Using DHCP, I don't specify a DNS server so I'd have no clue if that truly
was my DNS server ... but I maintain a list of daily requests and this is
NOT one of them.

So, why, all of a sudden, would my DNS server be contacting me, out of the
blue. And, why, does my network still (apparently) work even though I said
NO to the request?

What would be nice is for users to post (and for experts to doublecheck)
what they consider to be innocuous requests uninitiated by them which
appear in their yes/no request list from Sygate.

I am willing to START that list of what appears to be common innocuous
requests (for expert review).

Here is my list of common requests not explicitly initiated by me which my
Sygate Personal Firewall seems to report daily so that others may consult
it before accepting or rejecting a Sygate Personal Firewall request to
allow access:

NDIS User mode I/O Driver (ndisuio.sys)
has received a Multicast packet from the remote machine [192.168.0.1].
Do you want to allow this program to access the network?

NDIS Filter Intermediate Driver (eacfilt.sys)
has received a Multicast packet from the remote machine [192.168.0.1].
Do you want to allow this program to access the network?

NDIS Filter Intermediate Driver (eacfilt.sys)
is trying to broadcast to [192.168.0.255]
using remote port 137 (NETBIOS-NS - Browsing request of NetBIOS over
TCP/IP).
Do you want to allow this program to access the network?
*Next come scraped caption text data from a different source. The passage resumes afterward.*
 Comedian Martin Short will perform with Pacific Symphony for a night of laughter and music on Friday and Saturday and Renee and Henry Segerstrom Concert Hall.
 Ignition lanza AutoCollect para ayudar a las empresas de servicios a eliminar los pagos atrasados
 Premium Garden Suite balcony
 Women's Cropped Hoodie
NDIS User mode I/O Driver (ndisuio.sys)
has received a Broadcast packet from the remote machine [192.168.0.100].
Do you want to allow this program to access the network?

Firefox (firefox.exe)
is being contacted from a remote machine news.google.com [216.239.37.147]
using local port 1615 (NETBILL-AUTH - NetBill Authorization Server).
Do you want to allow this program to access the network?

Firefox (firefox.exe)
is being contacted from a remote machine [206.13.28.12]
using local port 1258 (OPENNL - Open Network Library).
Do you want to allow this program to access the network?
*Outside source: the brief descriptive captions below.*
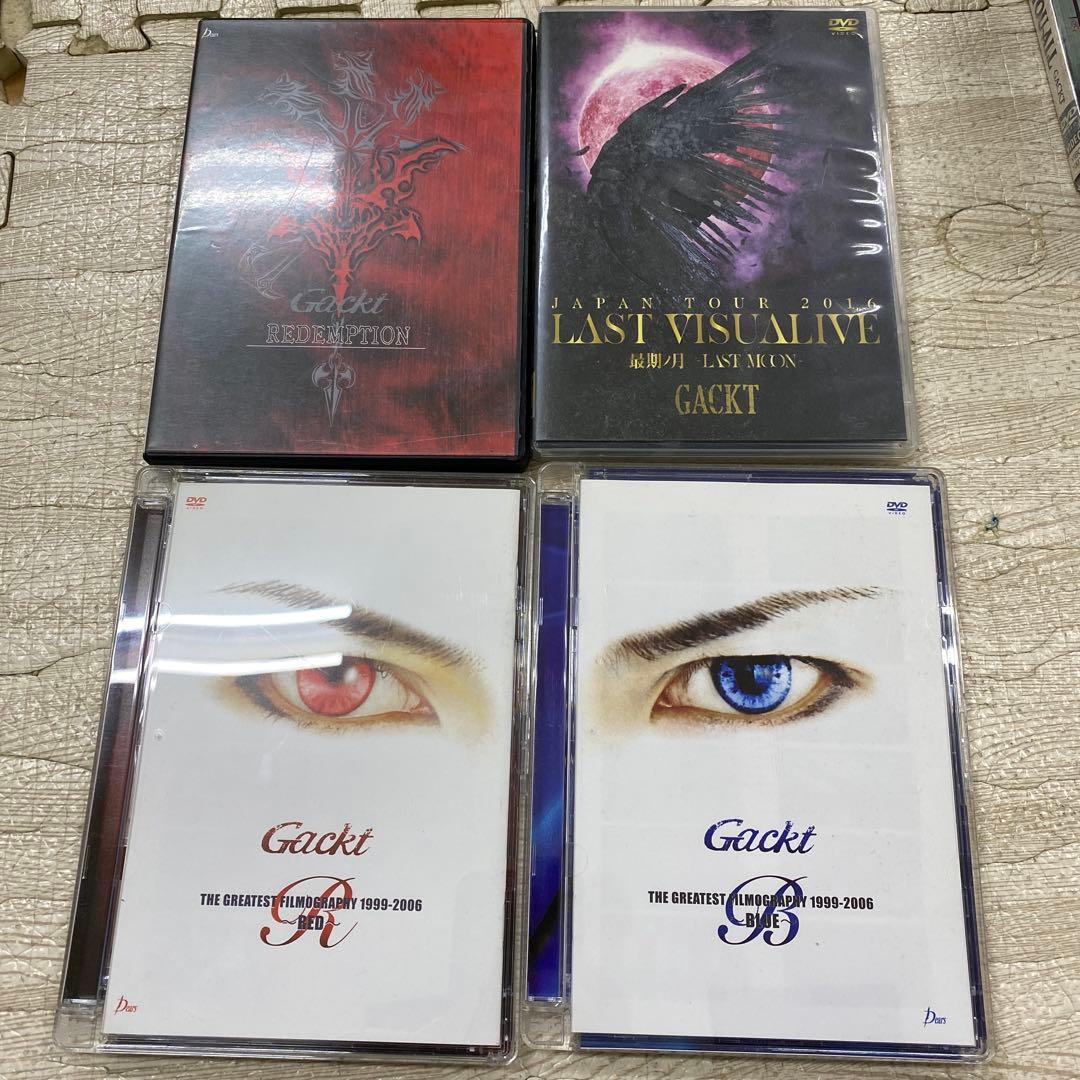 Gackt DVD コレクション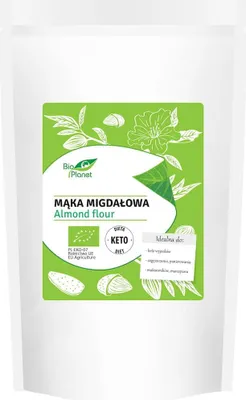 MĄKA MIGDAŁOWA BIO 100 g - BIO PLANET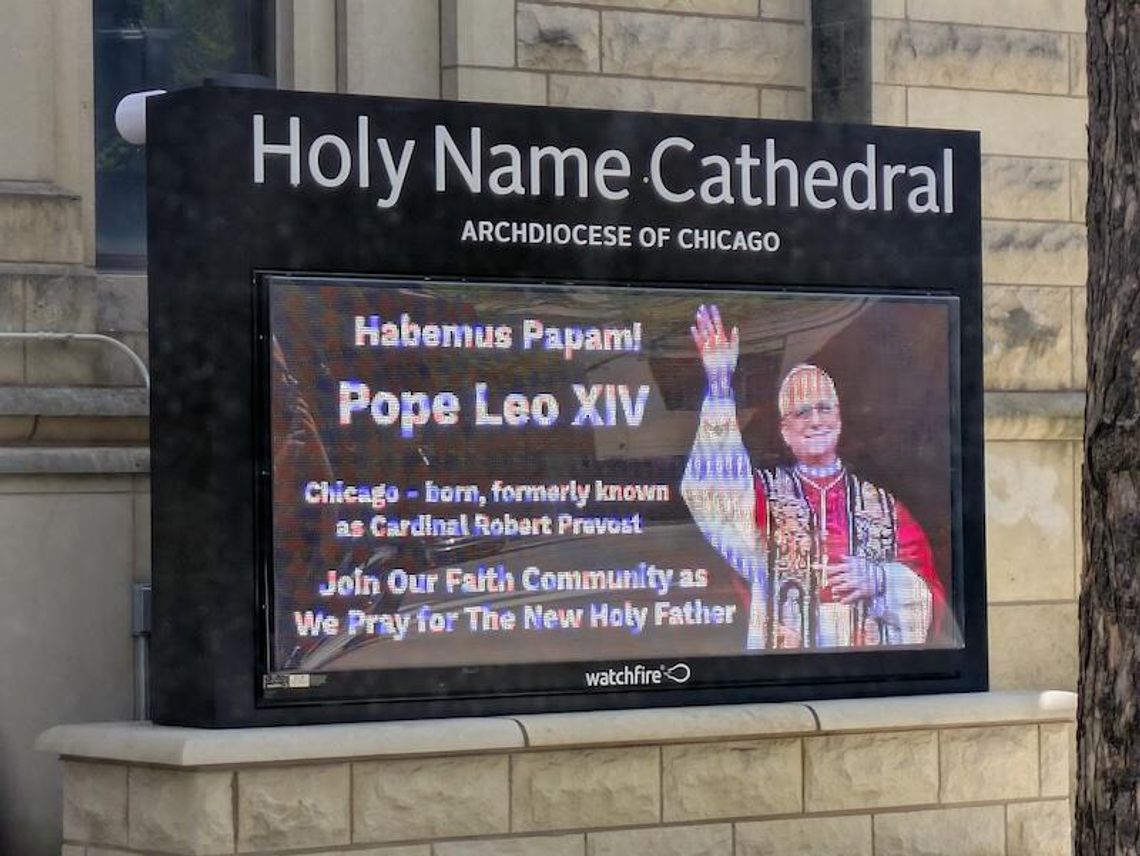 Chicago świętuje rocznicę wyboru papieża Leona XIV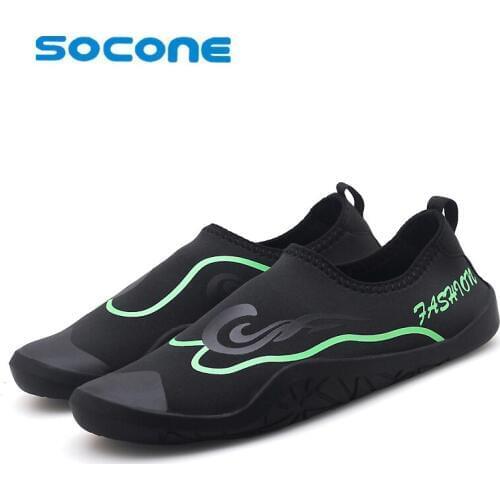 Mens water sports shoes lightweight swimming shoes ladies quick-drying shoes mens shoes suitable for outdoor beach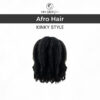 Afro Hair Kinky Style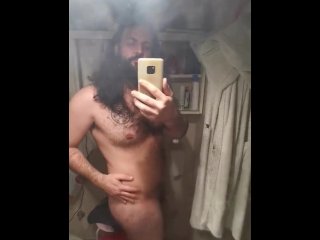vertical video, chubby, masturbate, hairy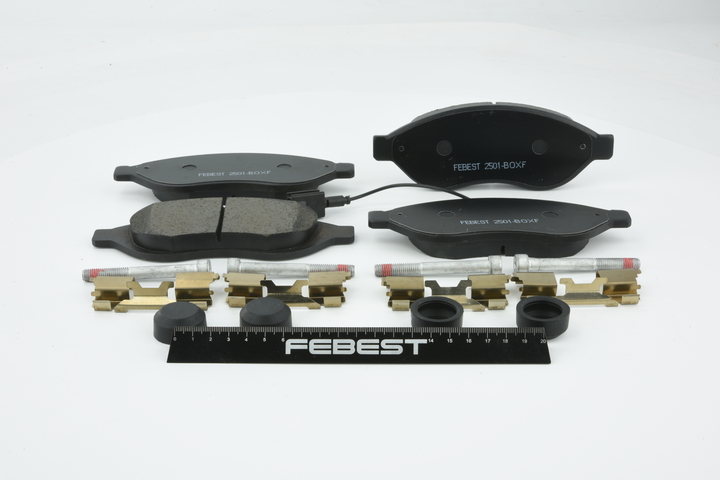 Kit de pastillas de freno FEBEST C4 2501-BOXF baratos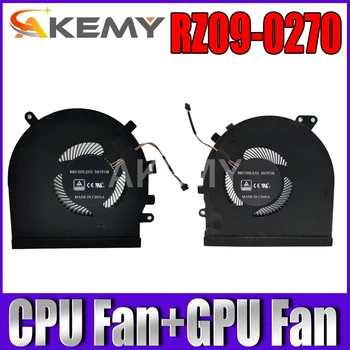 

AKemy New Original For Razer Blade 15 RZ09-0270 Cooling Fan GTX 1060 Graphics card version CPU GPU Fan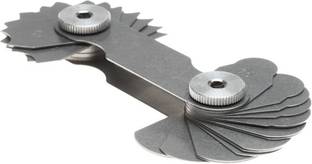 Jaibros JAIBROS radius gauge 1 mm to 7 mm 34 leaves Radius Gauge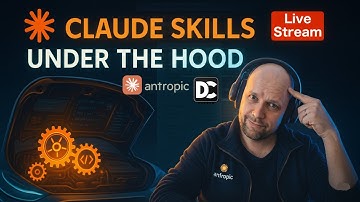 Anthropic Skills Under the Hood [Livestream Recording]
Generic Host Process for Win32 Services (svchost.exe)
is trying to connect to [207.46.157.60]
using remote port 443 (HTTPS - HTTP protocol over TLS/SSL).
Do you want to allow this program to access the network?

Generic Host Process for Win32 Services (svchost.exe)
is trying to connect to time.windows.com [207.46.130.100
using remote port 123 (NTP - Network Time Protocol).
Do you want to allow this program to access the network?

Firefox (firefox.exe)
is being contacted from a remote machine [80.237.203.14]
using local port 4503
Do you want to allow this program to access the network?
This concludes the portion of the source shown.